Key Takeaways

  • Vehicle mechanics in video games pose challenges like realism vs. durability.
  • Game titles like
    Mad Max, Subnautica,
    and
    No Man’s Sky
    set standards in vehicle design.
  • GTA 4
    shines with tight vehicle controls amidst open-world chaos.



Designing vehicle mechanics for video games is a tricky process. How should they handle? Should they be realistic, or ease off the realism for more durability and control? Can they explode? Should they explode? These are just a handful of the questions gamers and game developers alike have regarding virtual vehicles. They become especially pertinent in open-world settings, where the drive (ha) to make these games bigger and bigger means finding novel and compelling ways to traverse them.

For a handful of games, the emphasis they place on vehicles as a means of navigation, traversal, exploration, or even combat, sets them apart from the rest. Featuring some of the most important open-world games to date, these titles pioneered how vehicles function in the open-world genre today.



4 Mad Max

Forging A Path Of Destruction On The Road To Hell

2015’s Mad Max offered a cinematic, high-octane sense of action and adventure. It was certainly a rocky road to traverse for some, with a less-than-stellar main story that didn’t see much weight put behind the protagonist or his enemies, and an emphasis on side missions that were often little more than fetch quests. The parts of this game that worked though, worked very, very well. Cruising around the barren desert and destroying colossal war rigs in a souped up car, the sound design and visceral nature of traversal, it was all well ahead of its time in 2015.

Future Mad Max video game titles have a high bar to clear, with the amount of effort put into vehicle combat being nothing short of cinematic. Whatever other flaws the game had, it made players feel utterly immersed in the moment as they sent colossal death-trucks tumbling along the pavement, finishing in a death-metal squeal and burst of fire.


3 Subnautica

Changing The Way Seas Are Traversed

Subnautica was, and in many ways still is, the talk of open-world and survival enthusiasts everywhere. As a survival game, it nailed that addictive, slowly-broadening loop of resource hunting and crafting that makes or breaks a survival game. The threat of abyssal creatures coming out at night was a similarly potent driving force to keep players aiming for the next tier of upgrades and resources. It was an atmospheric hit among players.
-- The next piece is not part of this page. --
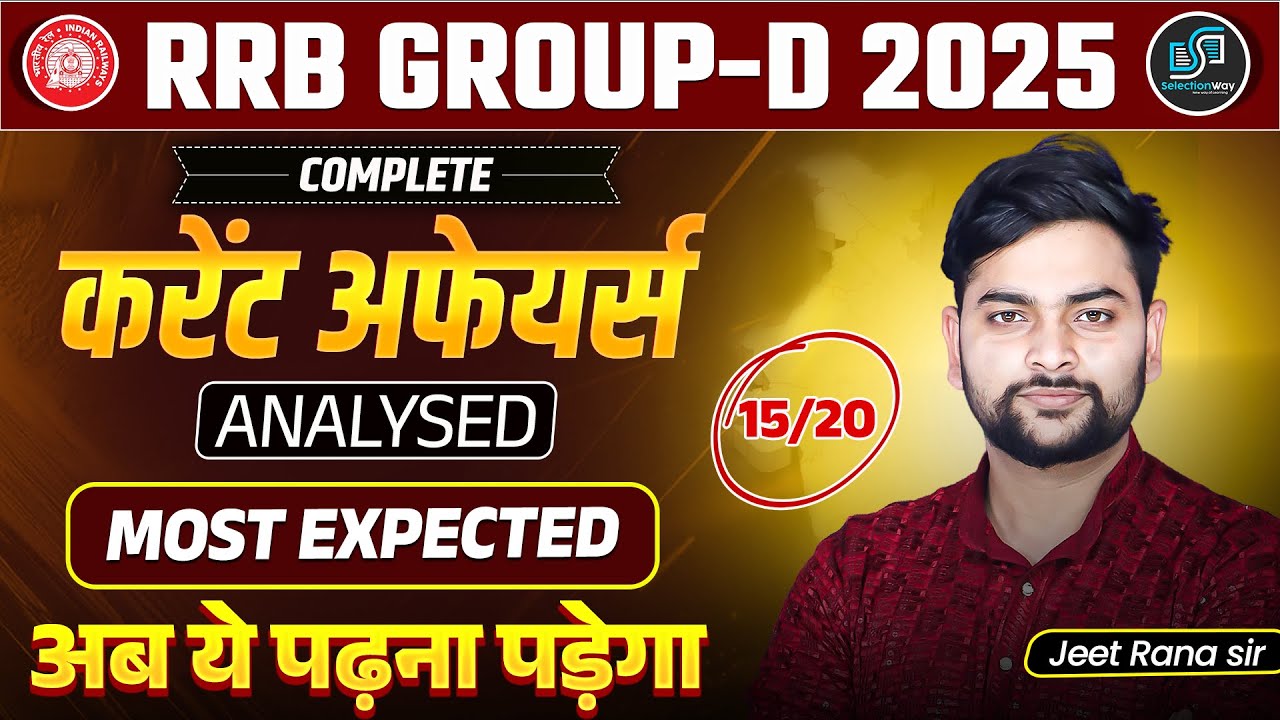 RRB Group D 2025 | Complete Current Affairs | 15/20 Guaranteed | Most Expected! | Jeet Rana Sir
Building a submarine in Subnautica basically meant building a mobile base, an essential fixture in this game where progressing to the ocean floor – and below – was necessary for survival. Subnautica set a new standard in two aspects of vehicle design. The modular system for upgrading and putting together submarines (although they are not individually customizable) was unheard of before this point, and has been emulated in games like Barotrauma since. Subnautica also changed the way underwater traversal was seen in terms of its implementation and potential in other games.

Related

Which Of Rockstar’s Open Worlds Is The Best?
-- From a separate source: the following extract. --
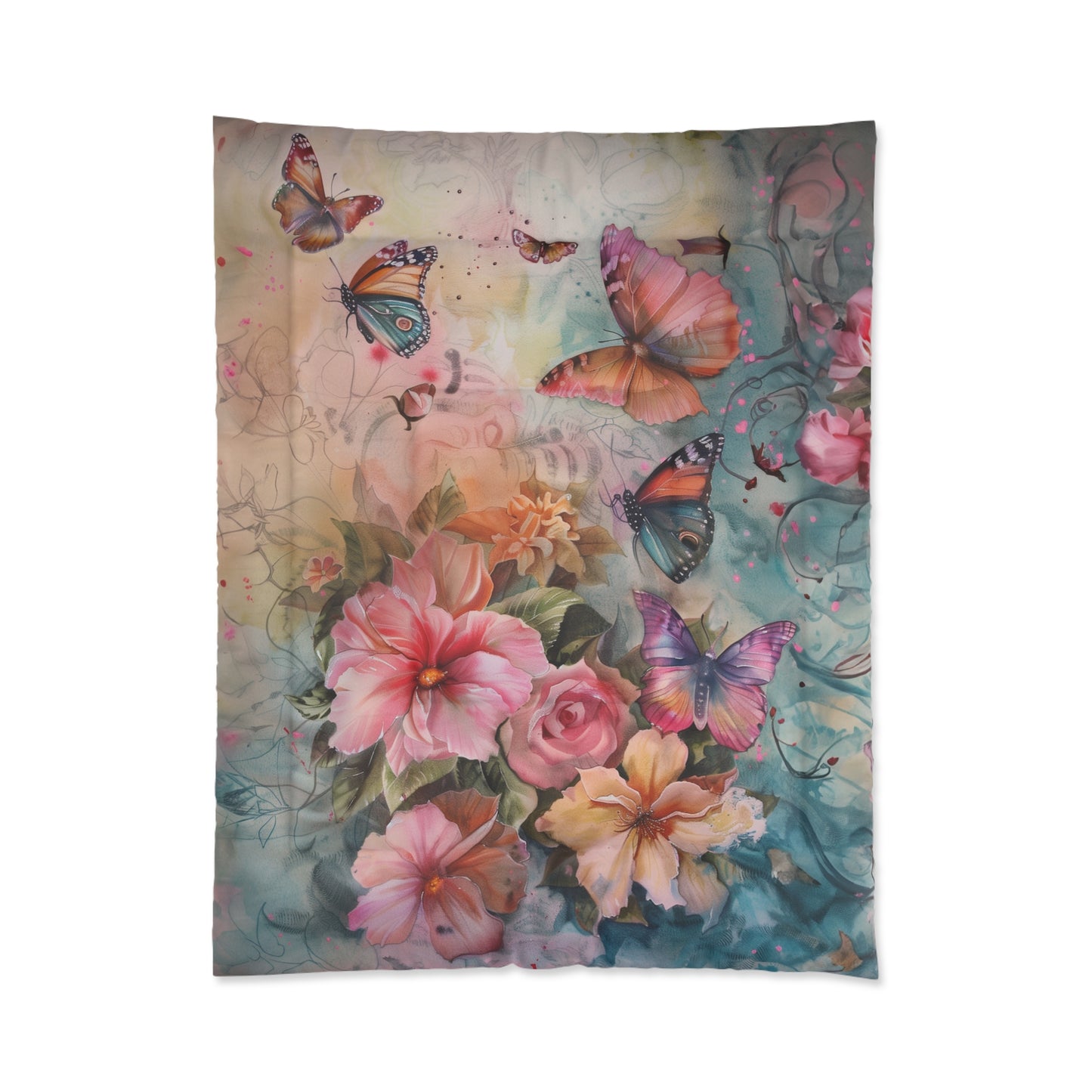 Girls Flowers and Butterflies Comforter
Rockstar Games has provided fans with several open world games throughout the years, but which one would you consider the ultimate Rockstar open world? In my opinion, Red Dead Redemption 2 takes the cake here. It’s fun, it’s realistic, and filled with biodiversity as well as different characters – you can’t go wrong with that.

2 No Man’s Sky

Ship-Based Exploration Across The Infinite Stars

While once a game so under-baked it spawned an industry-defining controversy, No Man’s Sky has become a very different game since launch, and in its new, heavily-updated and well-polished state, it’s a lot easier to see many of its virtues. One particular feature worth discussing is the way that spaceship traversal is handled in this absolutely colossal environment. With an entire galaxy available to explore, it was a tall order trying to think of a way to make travel feel both immersive and fun.
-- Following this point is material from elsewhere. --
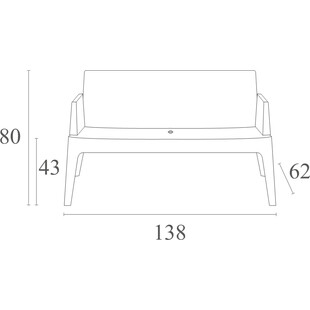 Sofa ogrodowa dwuosobowa Box czarna marki Siesta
FTL travel gets players between systems quickly, but going between planets within one system holds a plethora of experiences at once. It can be quiet and serene, or tense and suspenseful. Taking full advantage of planetary finds, however, and base-building, means finding planets that often put the player at risk of pirate attacks. The modular ship design and tight, intuitive controls for navigation set the precedent for how space travel was implemented in all games beyond NMS.

1 Grand Theft Auto 4

Tight, Revolutionary Vehicle Mechanics


While at the time it was seen as one of the biggest hits in gaming, GTA 4 has, in some regards, been consigned to the shadow of its sequel, the monumentally popular Grand Theft Auto 5. However, if there’s one area where GTA 4 does still shine on its own merit, it’s the tight-but-fluid vehicle controls. Traversing Liberty City in a car that was probably stolen feels just right, with a smoothness and control that many say becomes too loose and sensitive in the sequel.

GTA 4 is one of Rockstar’s harder games, and it’s always cathartic to blow off steam by driving in the most chaotic fashion possible on Liberty City’s many freeways and bridges (and sometimes sidewalks), or taking on the ultimate challenge of driving like a law-abiding citizen, complete with obeying red lights and not causing ten-car pile ups.